Apart from helping riders to launch their World Tour careers with An Post-Chain Reaction, what else has been keeping you busy?

“I spent three weeks in Mallorca, where I’ve been involved in biking holiday tours. Of course, for the month of April, I was commentating on the classics during the weekends and I’ve been busy over summer at the big tours.”

Do you still find time to get on the bike?

“I try to get on the bike as much possible, so when I’m in Mallorca, I get on the bike most days. But when I’m away on commendatory duties with Eurosport, on big tours such as the Giro and Tour de France, you don’t really have time. The days are long, and if you take a bike with you, maybe you’ll get to ride two or three times during the three weeks. Instead, I have to do a bit of jogging to try and keep myself in some sort of shape.”
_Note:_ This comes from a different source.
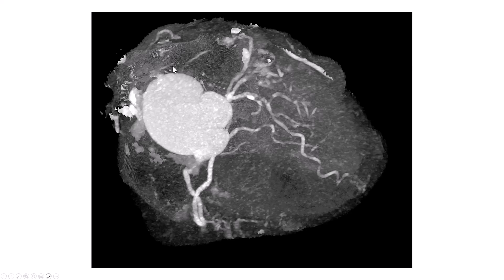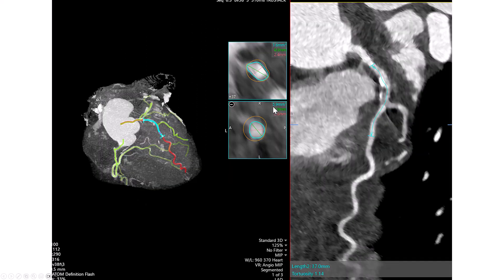We then have the maximum intensity projection, showing some calcium but not too bad at the bifurcation of the LAD in the diagonal. We also look at the plaque composition and it's mainly soft plaque with some calcium. One would go very long, to 37 millimeters, to cover from very proximal in the LAD all the way to the mid LAD.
Which season do you regard as your most successful and why?

“I think ’84 was my best. I can’t remember it very clearly – it was a long time ago but I won over 30 races, as well as some of the classics. It’s really when you retire, and look back at your palmarès, you appreciate the great performances you had in your career.”

Is there a race that’s stayed clear in your memory more than any other?

“I enjoyed Paris-Nice because I had huge success, winning 7 times. It’s a race I had a lot of luck in. Some people say you make your luck as well in races, but I don’t believe that. There were years where there were lots of crashes and I just seemed to be on the lucky side of the crash, a number of times.”

 

 

Is there anything you regret, or wish you’d done differently in your career?

“Lots! I think hindsight is a great thing because you can look back and I certainly did too much racing in the early part of the season. I was riding for a Spanish team and they wanted to do a lot of the Spanish programme. At the beginning of the season – Andalusia, Tour de Catalunya, Tour de Valencia, Pays Basque – were all on the calendar, and of course the Vuelta was also at the beginning of the year in the ’80s. I think the one I have regrets about most, is the Tour de France. I should have done better, maybe have gotten on the podium, but there were just too many races in the early part of the season.”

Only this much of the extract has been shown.